RECORDED DATA —

══════════════════════════════

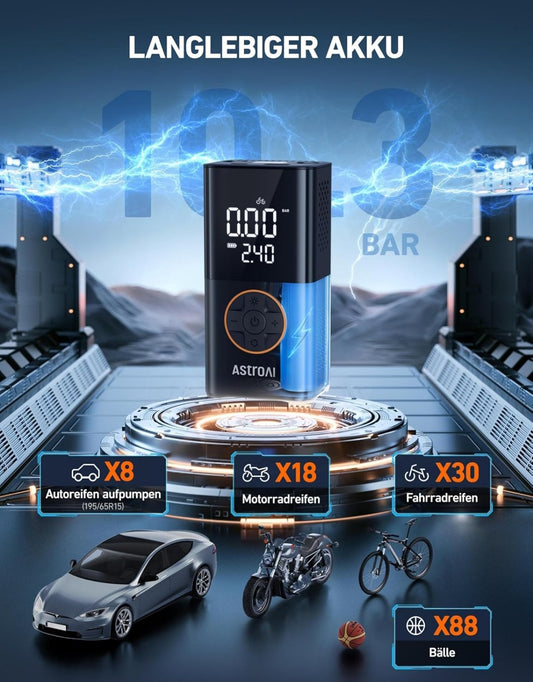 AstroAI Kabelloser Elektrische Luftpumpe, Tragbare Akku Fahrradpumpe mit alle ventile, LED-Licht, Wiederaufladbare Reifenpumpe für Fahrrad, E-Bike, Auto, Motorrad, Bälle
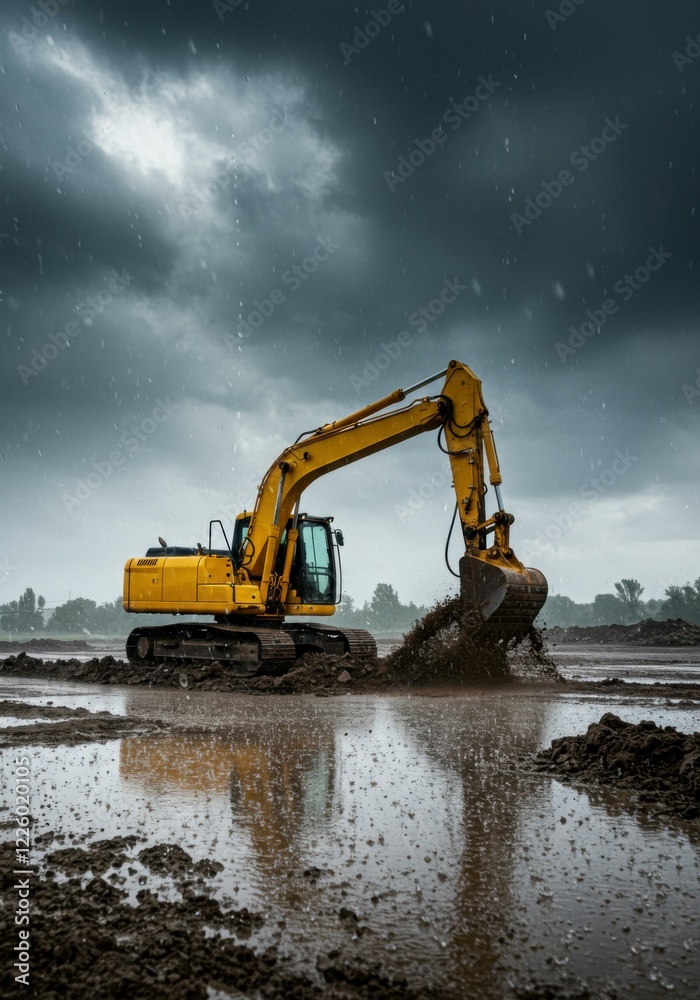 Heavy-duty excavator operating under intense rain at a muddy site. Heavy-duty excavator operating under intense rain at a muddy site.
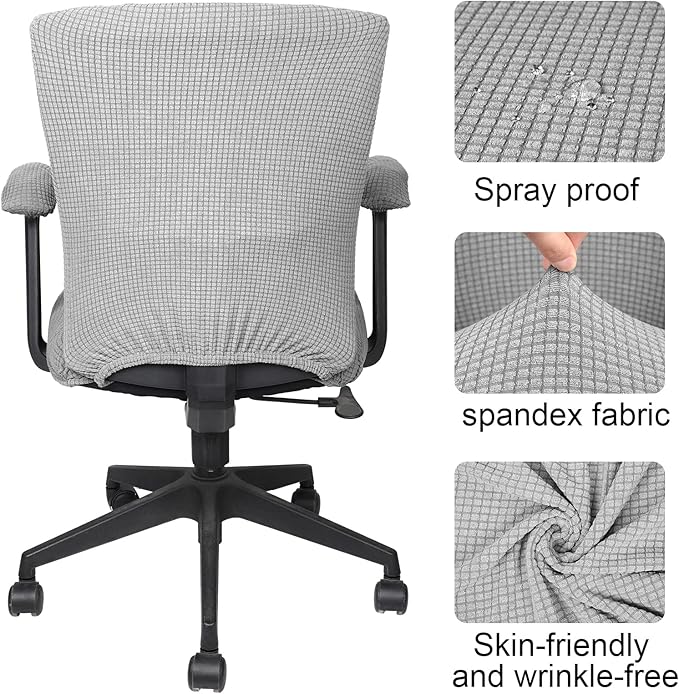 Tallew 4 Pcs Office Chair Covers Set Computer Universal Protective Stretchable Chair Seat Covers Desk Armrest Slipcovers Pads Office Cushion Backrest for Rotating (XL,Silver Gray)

══════════════════════════════

First drop every picture, then print the data above exactly as it stands.

ANSWER SECTION —
 AstroAI Kabelloser Elektrische Luftpumpe, Tragbare Akku Fahrradpumpe mit alle ventile, LED-Licht, Wiederaufladbare Reifenpumpe für Fahrrad, E-Bike, Auto, Motorrad, Bälle
 Heavy-duty excavator operating under intense rain at a muddy site. Heavy-duty excavator operating under intense rain at a muddy site.
 Tallew 4 Pcs Office Chair Covers Set Computer Universal Protective Stretchable Chair Seat Covers Desk Armrest Slipcovers Pads Office Cushion Backrest for Rotating (XL,Silver Gray)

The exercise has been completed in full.